● **RECORDS SUPPLIED**:
[Start of Attachment]

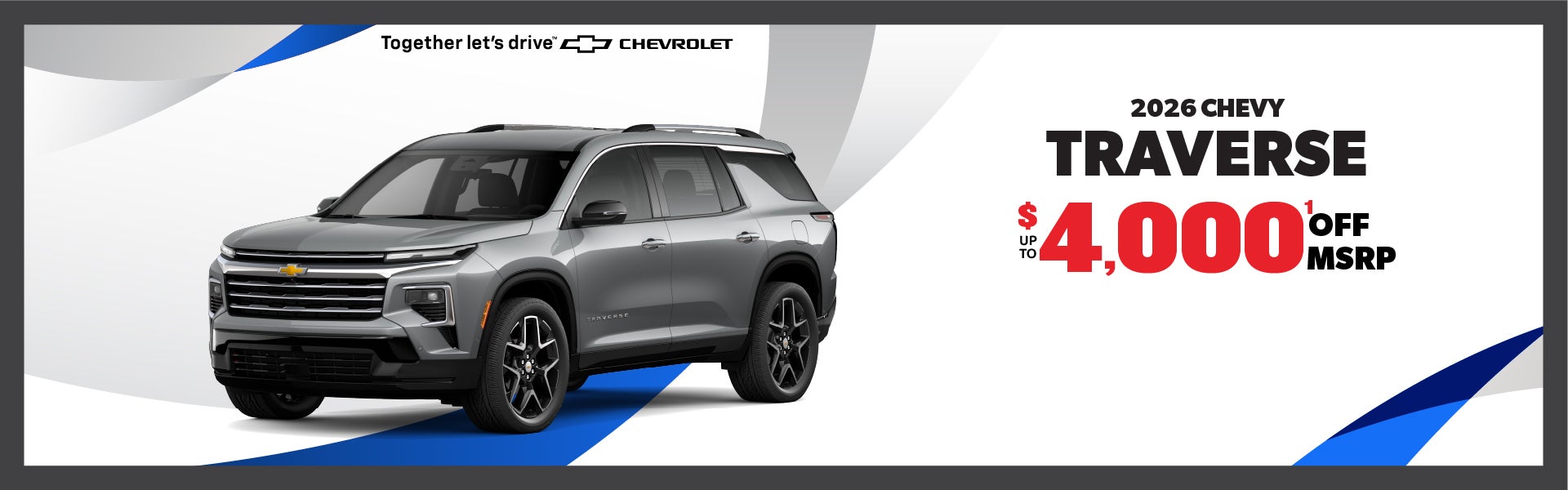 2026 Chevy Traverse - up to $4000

[End of Attachment]
[Start of Attachment]

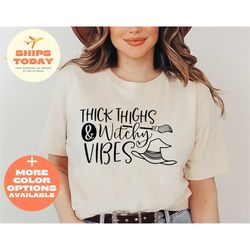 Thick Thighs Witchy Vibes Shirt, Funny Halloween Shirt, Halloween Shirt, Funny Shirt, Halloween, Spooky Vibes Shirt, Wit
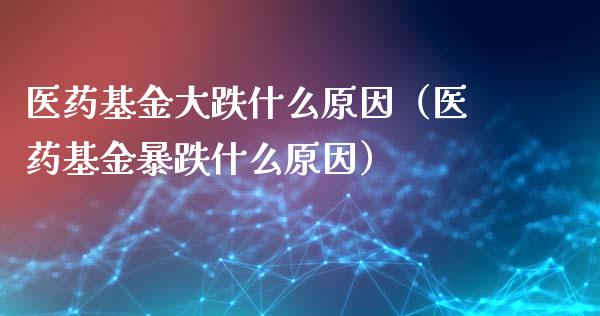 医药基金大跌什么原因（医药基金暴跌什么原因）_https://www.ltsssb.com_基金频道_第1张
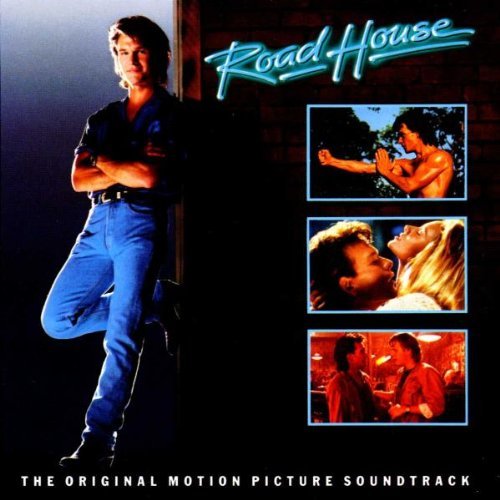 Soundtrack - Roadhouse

[End of Attachment]

● **WHAT THIS TASK INVOLVES**: When copying from the data above, print only the lines from the line containing "Thick Thighs Witchy" to the line containing "Soundtrack - Roadhouse", exactly, and leave the pictures out.

● **RESPONSE AREA**:
 Thick Thighs Witchy Vibes Shirt, Funny Halloween Shirt, Halloween Shirt, Funny Shirt, Halloween, Spooky Vibes Shirt, Wit
 医药基金大跌什么原因（医药基金暴跌什么原因）_https://www.ltsssb.com_基金频道_第1张
 Soundtrack - Roadhouse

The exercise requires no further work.